When I was 19 years old, I lived in a stable. That’s a true thing! In eleven stalls of this 12-stall stable there were horses; the 12th stall had shoddy plywood walls and the bare elements to convert it into a sort of apartment. It didn’t have a bathroom in it, but there was one at the far end of the stable that I could use. In addition to living there, I also worked there as a stable hand – one was the reason for the other, in fact. For 19-year-old me it was a sweet deal. I worked from 6 AM to 10 AM taking care of the horses and cleaning the stables, and then the rest of the day was mine. In exchange for this, I received a very minor living stipend, but paid no rent or utilities. A place of my own and a small income just for taking care of some horses for a few hours every day? It was fantastic.

It didn’t interfere with anything else I wanted to do. I was free to work other jobs and pursue other interests at my discretion – as long as I fed the horses every day.

Now, I’ve said it before plenty of times, and I’ll say it again – 19-year-old me wasn’t super bright. I made plenty of mistakes. And I’ve also mentioned that I was kind of a “city-slicker;” a pejorative moniker that I wanted to be rid of, which was at least part of my reason for taking the stable hand job. I say this only as background so that you kind of understand how this next mistake came to be.

Christmas Eve, I’d driven back to my parent’s house – not far from the stable, but maybe an hour or so out of the rural area and into the suburbs. That night I’d stayed over, in order to have a pleasant Christmas morning with my parents and sister, as had been our tradition my entire life.

Which prompted a call from my boss/landlady, who was (understandably in retrospect) quite upset at my absence. I had, in my teenage ignorance, simply assumed that as an employee I’d be off work for Christmas. I worked every other day – holidays, weekends, etc. But Christmas seemed so fundamental, that one day when everything is closed, that I just went home without even thinking about it. In fact, I was actually flabbergasted – offended, even! – that she’d be calling me. I said, “What do you mean, ‘where am I?’ It’s Christmas.”

She said: “You still have to feed the horses every day. They don’t know it’s Christmas.”

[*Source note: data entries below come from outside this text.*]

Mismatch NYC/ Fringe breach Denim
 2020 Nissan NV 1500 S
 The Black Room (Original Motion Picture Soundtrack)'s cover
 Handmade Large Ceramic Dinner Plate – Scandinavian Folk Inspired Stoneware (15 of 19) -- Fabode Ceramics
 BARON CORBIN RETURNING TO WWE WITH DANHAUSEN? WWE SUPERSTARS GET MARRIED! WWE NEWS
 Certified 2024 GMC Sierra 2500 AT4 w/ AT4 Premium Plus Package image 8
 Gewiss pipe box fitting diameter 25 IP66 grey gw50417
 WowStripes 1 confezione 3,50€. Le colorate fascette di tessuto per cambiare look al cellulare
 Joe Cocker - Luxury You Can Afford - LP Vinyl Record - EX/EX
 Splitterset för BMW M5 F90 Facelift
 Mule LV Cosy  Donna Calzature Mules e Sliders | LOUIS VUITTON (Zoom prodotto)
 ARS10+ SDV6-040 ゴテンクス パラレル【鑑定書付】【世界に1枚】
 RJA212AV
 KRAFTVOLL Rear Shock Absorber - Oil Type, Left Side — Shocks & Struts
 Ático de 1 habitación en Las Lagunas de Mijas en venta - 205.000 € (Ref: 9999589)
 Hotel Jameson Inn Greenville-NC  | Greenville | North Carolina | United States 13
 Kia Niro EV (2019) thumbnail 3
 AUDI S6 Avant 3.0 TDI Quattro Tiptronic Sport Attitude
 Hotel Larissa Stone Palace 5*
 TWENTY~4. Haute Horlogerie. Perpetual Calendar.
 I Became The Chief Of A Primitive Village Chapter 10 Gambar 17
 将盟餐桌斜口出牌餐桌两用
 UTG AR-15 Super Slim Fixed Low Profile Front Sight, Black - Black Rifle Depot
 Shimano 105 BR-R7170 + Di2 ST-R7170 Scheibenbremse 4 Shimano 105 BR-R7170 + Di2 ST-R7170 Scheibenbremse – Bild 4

Now, that landlady was a miserable and wretched person for a whole host of reasons, I would later discover (not the first of which was that she lived in a farmhouse directly next to the stable and could have just fed the horses herself for one stinkin’ day, but I digress), but she wasn’t wrong then – I was.

There are days that will mark themselves as extraordinary; days which weigh heavier in the balance of your soul than others. Maybe Christmas, maybe a different holiday. Maybe a particular anniversary or your own birthday or someone else’s. These days may carry more significance to you, and it can be good to honor them with the spirit of their passing, whatever that may be.

But don’t let them become excuses for losing sight of who you work every ordinary day to become. You have a responsibility to your future self, commitments you’ve made to the person you want to become. You’ve committed to reach certain goals, whether they’re financial, spiritual, health or personal. Don’t forget those goals, even in the big moments.

I was tempted to just write a quick “Merry Christmas, ya filthy animal” for today’s post. It’s Christmas, after all – who’d blame me? But while I don’t mind short posts, my commitment is to try to write something that will make you think every day. So even though it’s Christmas, and even though I did all the things I wanted to on this day, I’m still here. Feeding the horses, every day.